### TASK GOAL
Return copies of the lines below that mention "Windproof".
*** Opening GIVEN DATA ***
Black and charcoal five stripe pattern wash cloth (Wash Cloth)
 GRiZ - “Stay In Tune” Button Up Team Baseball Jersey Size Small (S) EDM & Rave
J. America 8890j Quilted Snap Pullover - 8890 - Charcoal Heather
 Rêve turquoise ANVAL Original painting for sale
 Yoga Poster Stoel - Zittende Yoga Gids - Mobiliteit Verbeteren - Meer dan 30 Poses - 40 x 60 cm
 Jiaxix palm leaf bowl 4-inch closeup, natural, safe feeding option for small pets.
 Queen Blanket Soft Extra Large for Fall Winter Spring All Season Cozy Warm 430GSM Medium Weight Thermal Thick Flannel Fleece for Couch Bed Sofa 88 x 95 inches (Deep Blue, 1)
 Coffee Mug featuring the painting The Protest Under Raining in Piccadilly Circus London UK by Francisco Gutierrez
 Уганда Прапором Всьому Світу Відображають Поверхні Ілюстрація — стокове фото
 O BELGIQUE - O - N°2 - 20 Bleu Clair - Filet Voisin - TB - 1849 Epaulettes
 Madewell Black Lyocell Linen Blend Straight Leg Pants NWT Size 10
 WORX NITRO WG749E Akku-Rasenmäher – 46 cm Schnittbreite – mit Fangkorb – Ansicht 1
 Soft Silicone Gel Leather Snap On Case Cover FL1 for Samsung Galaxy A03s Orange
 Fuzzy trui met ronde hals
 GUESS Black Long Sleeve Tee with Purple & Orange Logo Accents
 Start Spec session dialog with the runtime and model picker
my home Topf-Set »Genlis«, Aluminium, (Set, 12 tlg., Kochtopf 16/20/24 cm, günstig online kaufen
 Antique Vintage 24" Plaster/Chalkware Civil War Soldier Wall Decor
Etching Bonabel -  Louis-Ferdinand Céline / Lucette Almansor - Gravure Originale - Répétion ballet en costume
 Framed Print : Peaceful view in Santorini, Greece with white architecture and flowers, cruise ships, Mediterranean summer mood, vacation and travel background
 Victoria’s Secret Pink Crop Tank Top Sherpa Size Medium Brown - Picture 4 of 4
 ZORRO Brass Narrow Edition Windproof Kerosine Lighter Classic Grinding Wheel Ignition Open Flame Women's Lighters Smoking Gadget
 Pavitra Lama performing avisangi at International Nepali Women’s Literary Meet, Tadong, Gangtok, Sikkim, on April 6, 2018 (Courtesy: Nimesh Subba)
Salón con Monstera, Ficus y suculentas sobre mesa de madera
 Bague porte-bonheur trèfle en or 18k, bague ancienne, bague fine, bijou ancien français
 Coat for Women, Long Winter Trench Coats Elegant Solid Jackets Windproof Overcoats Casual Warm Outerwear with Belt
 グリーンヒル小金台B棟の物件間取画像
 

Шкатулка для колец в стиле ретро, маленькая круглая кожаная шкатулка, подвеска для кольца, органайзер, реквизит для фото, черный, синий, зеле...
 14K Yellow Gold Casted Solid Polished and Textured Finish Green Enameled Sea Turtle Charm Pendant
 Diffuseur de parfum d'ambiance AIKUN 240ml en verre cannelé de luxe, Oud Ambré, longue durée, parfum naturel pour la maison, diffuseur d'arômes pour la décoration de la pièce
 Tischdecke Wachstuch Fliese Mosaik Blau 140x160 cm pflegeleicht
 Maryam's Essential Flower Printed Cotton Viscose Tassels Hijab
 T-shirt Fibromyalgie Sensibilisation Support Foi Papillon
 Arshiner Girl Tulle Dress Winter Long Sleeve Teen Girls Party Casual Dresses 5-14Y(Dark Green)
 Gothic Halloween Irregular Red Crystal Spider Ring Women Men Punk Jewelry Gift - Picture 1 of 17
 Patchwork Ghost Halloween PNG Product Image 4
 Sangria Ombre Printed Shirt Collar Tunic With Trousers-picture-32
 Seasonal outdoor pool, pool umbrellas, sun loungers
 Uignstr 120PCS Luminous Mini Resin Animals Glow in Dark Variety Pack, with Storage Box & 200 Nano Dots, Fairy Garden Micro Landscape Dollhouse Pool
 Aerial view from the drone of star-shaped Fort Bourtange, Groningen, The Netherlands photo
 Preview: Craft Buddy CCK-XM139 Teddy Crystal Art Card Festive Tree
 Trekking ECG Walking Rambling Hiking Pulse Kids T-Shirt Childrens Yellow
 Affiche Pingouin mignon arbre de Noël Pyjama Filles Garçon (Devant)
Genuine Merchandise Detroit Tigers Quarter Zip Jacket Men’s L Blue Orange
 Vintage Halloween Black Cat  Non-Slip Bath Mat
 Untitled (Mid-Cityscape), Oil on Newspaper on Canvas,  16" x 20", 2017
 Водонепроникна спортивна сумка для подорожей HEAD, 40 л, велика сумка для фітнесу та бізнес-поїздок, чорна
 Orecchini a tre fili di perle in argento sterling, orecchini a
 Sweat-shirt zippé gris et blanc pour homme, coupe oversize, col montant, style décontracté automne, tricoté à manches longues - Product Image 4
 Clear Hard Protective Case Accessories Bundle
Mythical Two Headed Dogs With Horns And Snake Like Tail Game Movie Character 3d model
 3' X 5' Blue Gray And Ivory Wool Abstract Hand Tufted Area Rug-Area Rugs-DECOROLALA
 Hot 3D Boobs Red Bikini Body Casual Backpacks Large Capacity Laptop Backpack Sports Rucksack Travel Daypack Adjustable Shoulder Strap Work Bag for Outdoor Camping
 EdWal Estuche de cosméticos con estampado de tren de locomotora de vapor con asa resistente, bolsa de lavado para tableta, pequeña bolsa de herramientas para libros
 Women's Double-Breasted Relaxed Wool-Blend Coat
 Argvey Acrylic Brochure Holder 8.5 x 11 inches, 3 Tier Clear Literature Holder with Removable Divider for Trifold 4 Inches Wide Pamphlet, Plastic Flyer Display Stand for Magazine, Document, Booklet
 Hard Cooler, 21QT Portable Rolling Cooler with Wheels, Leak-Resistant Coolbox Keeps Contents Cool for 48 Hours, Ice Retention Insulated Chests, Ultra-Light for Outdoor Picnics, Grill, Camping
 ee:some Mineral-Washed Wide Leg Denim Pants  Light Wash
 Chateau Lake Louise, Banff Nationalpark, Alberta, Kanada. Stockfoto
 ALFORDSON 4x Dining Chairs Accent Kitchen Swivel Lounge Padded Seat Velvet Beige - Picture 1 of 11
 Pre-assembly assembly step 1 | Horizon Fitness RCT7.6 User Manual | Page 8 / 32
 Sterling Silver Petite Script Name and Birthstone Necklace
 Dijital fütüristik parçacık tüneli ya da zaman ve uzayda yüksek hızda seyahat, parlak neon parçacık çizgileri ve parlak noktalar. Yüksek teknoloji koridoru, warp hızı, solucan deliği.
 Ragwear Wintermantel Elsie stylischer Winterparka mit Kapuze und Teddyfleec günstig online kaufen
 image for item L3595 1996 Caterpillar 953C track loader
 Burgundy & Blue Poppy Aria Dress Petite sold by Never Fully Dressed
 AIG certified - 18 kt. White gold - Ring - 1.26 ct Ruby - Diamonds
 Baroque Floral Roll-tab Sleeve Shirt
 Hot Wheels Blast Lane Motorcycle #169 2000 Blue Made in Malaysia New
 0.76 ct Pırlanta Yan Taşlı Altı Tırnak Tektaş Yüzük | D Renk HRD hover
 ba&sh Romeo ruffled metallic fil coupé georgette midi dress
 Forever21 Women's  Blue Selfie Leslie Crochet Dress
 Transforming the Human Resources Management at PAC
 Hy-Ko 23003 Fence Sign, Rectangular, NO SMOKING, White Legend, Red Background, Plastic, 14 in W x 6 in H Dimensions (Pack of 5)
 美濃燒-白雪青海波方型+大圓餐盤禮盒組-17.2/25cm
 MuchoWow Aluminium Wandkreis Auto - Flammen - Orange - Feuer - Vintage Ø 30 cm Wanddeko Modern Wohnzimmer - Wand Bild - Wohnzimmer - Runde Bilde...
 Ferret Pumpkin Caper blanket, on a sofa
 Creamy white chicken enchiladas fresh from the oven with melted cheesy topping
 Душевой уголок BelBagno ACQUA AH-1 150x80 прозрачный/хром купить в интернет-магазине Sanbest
*** Closing GIVEN DATA ***
### WRITTEN REPLY
 ZORRO Brass Narrow Edition Windproof Kerosine Lighter Classic Grinding Wheel Ignition Open Flame Women's Lighters Smoking Gadget
 Coat for Women, Long Winter Trench Coats Elegant Solid Jackets Windproof Overcoats Casual Warm Outerwear with Belt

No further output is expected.